The scope of this disclosure encompasses all changes, substitutions, variations, alterations, and modifications to the example embodiments described or illustrated herein that a person having ordinary skill in the art would comprehend. The scope of this disclosure is not limited to the example embodiments described or illustrated herein. Moreover, although this disclosure describes and illustrates respective embodiments herein as including particular components, elements, feature, functions, operations, or steps, any of these embodiments may include any combination or permutation of any of the components, elements, features, functions, operations, or steps described or illustrated anywhere herein that a person having ordinary skill in the art would comprehend. Furthermore, reference in the appended claims to an apparatus or system or a component of an apparatus or system being adapted to, arranged to, capable of, configured to, enabled to, operable to, or operative to perform a particular function encompasses that apparatus, system, component, whether or not it or that particular function is activated, turned on, or unlocked, as long as that apparatus, system, or component is so adapted, arranged, capable, configured, enabled, operable, or operative. Additionally, although this disclosure describes or illustrates particular embodiments as providing particular advantages, particular embodiments may provide none, some, or all of these advantages.
It will be appreciated by persons skilled in the art that numerous variations and/or modifications may be made to the above-described embodiments, without departing from the broad general scope of the present disclosure. The present embodiments are, therefore, to be considered in all respects as illustrative and not restrictive.

Claims

1. A system for parking monitoring in an urban area, the system comprising:

at least one camera, wherein the at least one camera is positioned to capture images of the urban area;

a computing device in communication with the at least one camera to receive the captured images;

the computing device comprising at least one processor and a memory accessible to the at least one processor;

wherein the memory comprises a library of reference background images and metadata for each reference background image, wherein the metadata comprises parking location information and parking condition information;

wherein the memory stores program code executable by the at least one processor to configure the at least one processor to:

process a first captured image to determine a licence plate number corresponding to a target vehicle in the first captured image;

process a second captured image using a background matching module to identify a matching reference background image;

determine an identified parking location of the target vehicle and at least one parking condition based on the metadata of the matching reference background image;

determine compliance of the target vehicle with the determined at least one parking condition.

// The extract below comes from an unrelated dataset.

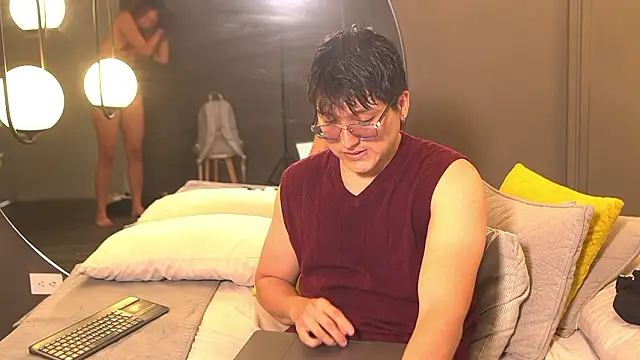 Mia and Belmonth online show from March 25, 6:47 pm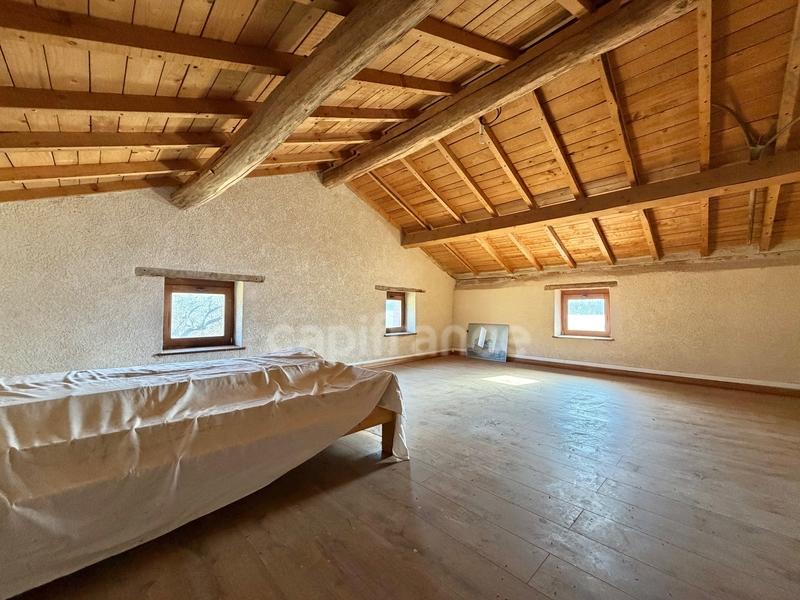 Maison en pierre - 140 m² - 5 pièces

2. The system of claim 1, wherein the first captured image is the same captured image as the second captured image.

3. A system for parking monitoring in an urban area, the system comprising:

wherein the memory comprises a library of reference background images and metadata for each reference background image, wherein the metadata comprises parking location information;

the memory also comprises program code executable by the at least one processor to configure the at least one processor to:

process the captured images using a parking indicator detection machine learning model to identify a parking indicator in at least one of the captured images;

on identifying the parking indicator, process the captured images using a background matching module to identify a matching reference background image that matches one of the captured images;

determine a parking location based on the metadata associated with the matching reference background image;

determine parking conditions based on the identified parking indicator;

process the captured images to determine a licence plate number corresponding to a target vehicle; and

determine compliance of the target vehicle to the determined parking conditions.

4. The system of any one of claims 1 to 3, wherein the licence plate number corresponding to the target vehicle is determined using a licence plate detection machine learning model.

5. The system of claim 3 or claim 4, wherein the parking indicators comprise parking signs or licence plates and the parking indicator detection machine learning model detects parking signs or licence plates in the captured images.

6. The system of any one of claims 1 to 5, wherein the memory further comprises parking perimeter metadata associated with each reference background image, and the at least one processor is further configured to:

process the at least one captured image to identify an image portion corresponding to the target vehicle in one of the captured images;

determine compliance of the target vehicle to the determined parking conditions based on the parking perimeter metadata associated with the matching reference background image and the image portion corresponding to the target vehicle.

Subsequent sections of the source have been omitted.